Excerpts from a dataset
= = = =

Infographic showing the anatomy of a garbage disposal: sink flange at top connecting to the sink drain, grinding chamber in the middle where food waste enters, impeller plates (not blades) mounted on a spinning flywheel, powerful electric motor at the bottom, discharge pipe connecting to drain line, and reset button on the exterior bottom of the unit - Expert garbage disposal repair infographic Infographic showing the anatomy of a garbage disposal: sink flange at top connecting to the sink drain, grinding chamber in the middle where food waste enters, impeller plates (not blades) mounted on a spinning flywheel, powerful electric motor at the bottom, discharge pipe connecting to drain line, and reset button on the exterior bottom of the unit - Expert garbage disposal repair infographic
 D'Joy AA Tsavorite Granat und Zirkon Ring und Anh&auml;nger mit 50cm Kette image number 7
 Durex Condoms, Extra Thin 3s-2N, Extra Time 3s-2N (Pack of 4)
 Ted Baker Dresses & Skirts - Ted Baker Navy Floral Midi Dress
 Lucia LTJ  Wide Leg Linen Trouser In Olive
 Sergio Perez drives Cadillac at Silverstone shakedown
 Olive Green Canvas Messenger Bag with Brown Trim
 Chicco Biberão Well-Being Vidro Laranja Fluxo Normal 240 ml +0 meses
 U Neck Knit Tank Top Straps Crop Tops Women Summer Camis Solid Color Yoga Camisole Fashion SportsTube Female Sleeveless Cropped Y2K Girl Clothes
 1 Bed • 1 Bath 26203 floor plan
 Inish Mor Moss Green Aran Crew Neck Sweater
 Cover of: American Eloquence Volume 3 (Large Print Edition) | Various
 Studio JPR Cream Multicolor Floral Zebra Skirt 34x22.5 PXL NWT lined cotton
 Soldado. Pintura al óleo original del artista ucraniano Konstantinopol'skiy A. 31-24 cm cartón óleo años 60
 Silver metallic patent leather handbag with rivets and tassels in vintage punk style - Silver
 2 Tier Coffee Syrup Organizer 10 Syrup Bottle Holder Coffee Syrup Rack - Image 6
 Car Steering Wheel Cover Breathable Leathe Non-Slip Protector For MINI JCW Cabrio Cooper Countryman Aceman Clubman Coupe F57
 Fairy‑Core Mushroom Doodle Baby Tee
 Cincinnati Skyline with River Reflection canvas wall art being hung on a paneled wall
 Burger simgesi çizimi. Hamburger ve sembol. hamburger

= = = =

» **EXERCISE AIM**
The answer should be the full set of records, reproduced exactly.

» **TASK OUTPUT**
Infographic showing the anatomy of a garbage disposal: sink flange at top connecting to the sink drain, grinding chamber in the middle where food waste enters, impeller plates (not blades) mounted on a spinning flywheel, powerful electric motor at the bottom, discharge pipe connecting to drain line, and reset button on the exterior bottom of the unit - Expert garbage disposal repair infographic Infographic showing the anatomy of a garbage disposal: sink flange at top connecting to the sink drain, grinding chamber in the middle where food waste enters, impeller plates (not blades) mounted on a spinning flywheel, powerful electric motor at the bottom, discharge pipe connecting to drain line, and reset button on the exterior bottom of the unit - Expert garbage disposal repair infographic
 D'Joy AA Tsavorite Granat und Zirkon Ring und Anh&auml;nger mit 50cm Kette image number 7
 Durex Condoms, Extra Thin 3s-2N, Extra Time 3s-2N (Pack of 4)
 Ted Baker Dresses & Skirts - Ted Baker Navy Floral Midi Dress
 Lucia LTJ  Wide Leg Linen Trouser In Olive
 Sergio Perez drives Cadillac at Silverstone shakedown
 Olive Green Canvas Messenger Bag with Brown Trim
 Chicco Biberão Well-Being Vidro Laranja Fluxo Normal 240 ml +0 meses
 U Neck Knit Tank Top Straps Crop Tops Women Summer Camis Solid Color Yoga Camisole Fashion SportsTube Female Sleeveless Cropped Y2K Girl Clothes
 1 Bed • 1 Bath 26203 floor plan
 Inish Mor Moss Green Aran Crew Neck Sweater
 Cover of: American Eloquence Volume 3 (Large Print Edition) | Various
 Studio JPR Cream Multicolor Floral Zebra Skirt 34x22.5 PXL NWT lined cotton
 Soldado. Pintura al óleo original del artista ucraniano Konstantinopol'skiy A. 31-24 cm cartón óleo años 60
 Silver metallic patent leather handbag with rivets and tassels in vintage punk style - Silver
 2 Tier Coffee Syrup Organizer 10 Syrup Bottle Holder Coffee Syrup Rack - Image 6
 Car Steering Wheel Cover Breathable Leathe Non-Slip Protector For MINI JCW Cabrio Cooper Countryman Aceman Clubman Coupe F57
 Fairy‑Core Mushroom Doodle Baby Tee
 Cincinnati Skyline with River Reflection canvas wall art being hung on a paneled wall
 Burger simgesi çizimi. Hamburger ve sembol. hamburger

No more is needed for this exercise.